* _EXERCISE_
Go through the entries below and print, exactly, the lines starting at the one with "Sandalia tipo chata" and ending at the one with "Bateau à voile", keeping both ends and no others.

* _INPUT_
-.-.-
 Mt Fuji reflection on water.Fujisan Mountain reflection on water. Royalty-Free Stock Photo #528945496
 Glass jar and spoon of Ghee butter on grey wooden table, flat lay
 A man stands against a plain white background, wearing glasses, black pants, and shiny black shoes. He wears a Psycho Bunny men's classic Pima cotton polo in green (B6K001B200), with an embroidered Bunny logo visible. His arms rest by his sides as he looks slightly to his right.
-.-.-
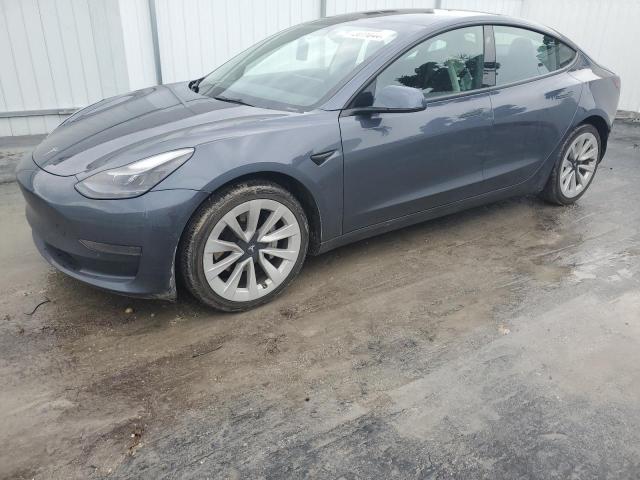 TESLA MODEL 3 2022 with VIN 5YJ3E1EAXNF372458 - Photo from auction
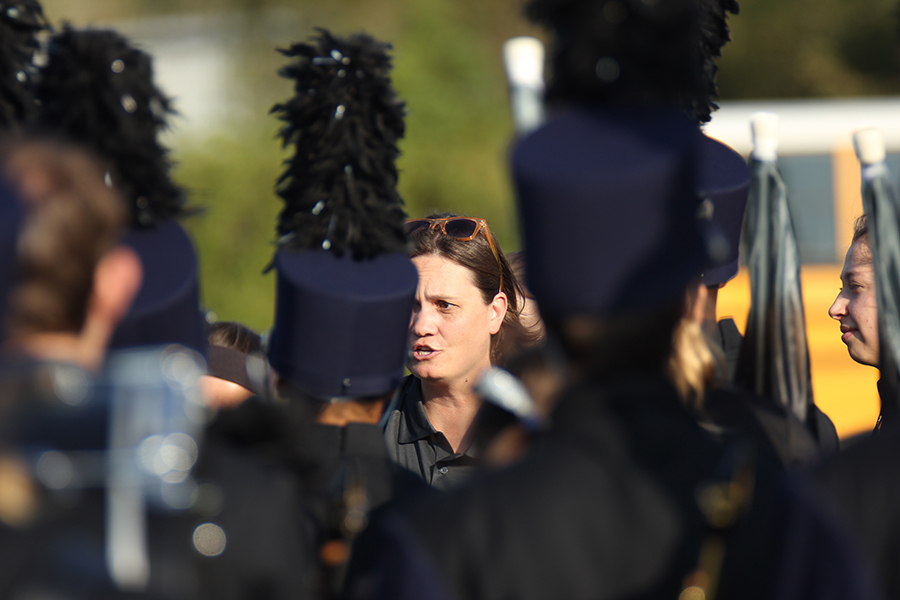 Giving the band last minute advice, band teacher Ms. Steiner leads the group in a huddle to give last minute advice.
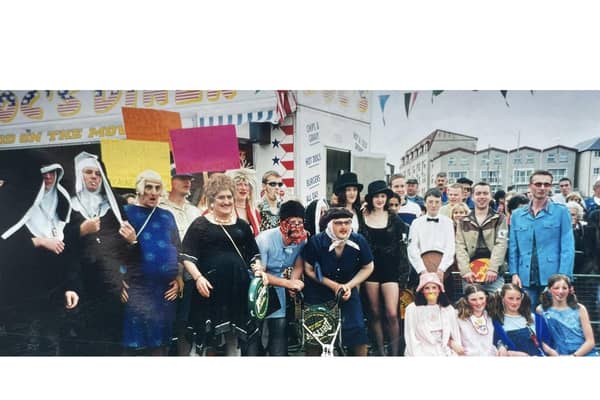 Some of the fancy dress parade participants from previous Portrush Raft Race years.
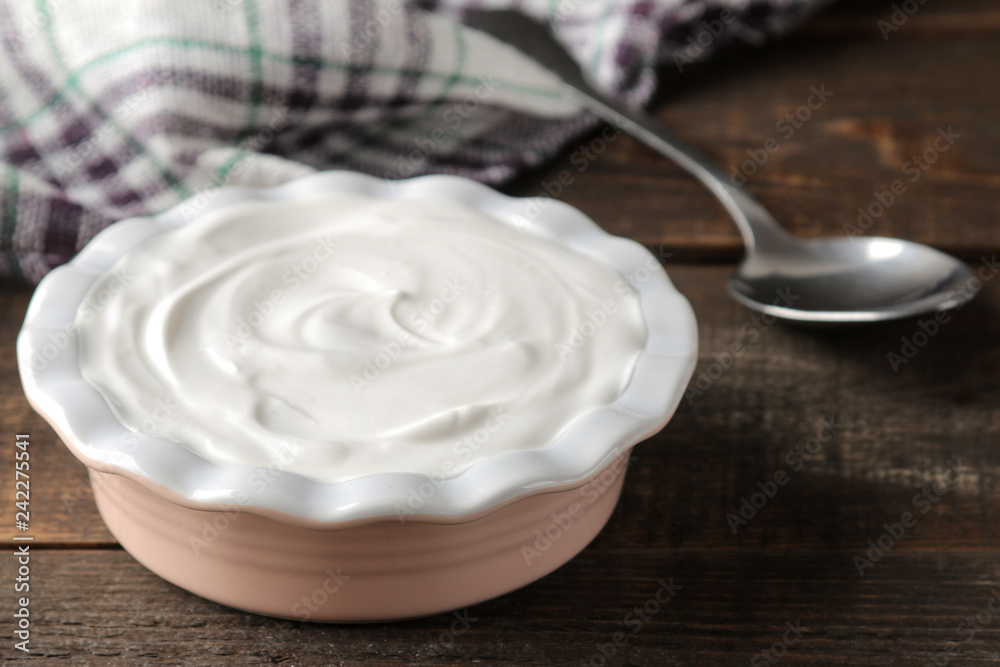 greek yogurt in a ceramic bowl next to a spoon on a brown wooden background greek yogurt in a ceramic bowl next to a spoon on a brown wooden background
-.-.-
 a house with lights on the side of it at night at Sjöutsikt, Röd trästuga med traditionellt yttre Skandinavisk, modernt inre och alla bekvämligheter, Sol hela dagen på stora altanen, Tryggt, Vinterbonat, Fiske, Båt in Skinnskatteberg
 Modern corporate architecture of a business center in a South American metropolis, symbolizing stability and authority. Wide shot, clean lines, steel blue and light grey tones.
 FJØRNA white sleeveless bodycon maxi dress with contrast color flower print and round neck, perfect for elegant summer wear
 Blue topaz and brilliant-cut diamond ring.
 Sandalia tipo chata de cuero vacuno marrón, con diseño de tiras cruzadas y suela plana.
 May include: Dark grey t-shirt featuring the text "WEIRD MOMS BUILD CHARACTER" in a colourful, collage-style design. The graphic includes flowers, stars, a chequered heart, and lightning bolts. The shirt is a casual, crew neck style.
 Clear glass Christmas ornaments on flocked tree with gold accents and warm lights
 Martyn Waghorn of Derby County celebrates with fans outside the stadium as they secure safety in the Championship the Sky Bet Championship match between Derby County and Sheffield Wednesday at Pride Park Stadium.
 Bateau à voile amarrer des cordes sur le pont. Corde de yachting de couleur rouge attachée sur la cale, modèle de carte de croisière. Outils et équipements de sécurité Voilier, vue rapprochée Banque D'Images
-.-.-
* _ANSWER TO THE EXERCISE_
 Sandalia tipo chata de cuero vacuno marrón, con diseño de tiras cruzadas y suela plana.
 May include: Dark grey t-shirt featuring the text "WEIRD MOMS BUILD CHARACTER" in a colourful, collage-style design. The graphic includes flowers, stars, a chequered heart, and lightning bolts. The shirt is a casual, crew neck style.
 Clear glass Christmas ornaments on flocked tree with gold accents and warm lights
 Martyn Waghorn of Derby County celebrates with fans outside the stadium as they secure safety in the Championship the Sky Bet Championship match between Derby County and Sheffield Wednesday at Pride Park Stadium.
 Bateau à voile amarrer des cordes sur le pont. Corde de yachting de couleur rouge attachée sur la cale, modèle de carte de croisière. Outils et équipements de sécurité Voilier, vue rapprochée Banque D'Images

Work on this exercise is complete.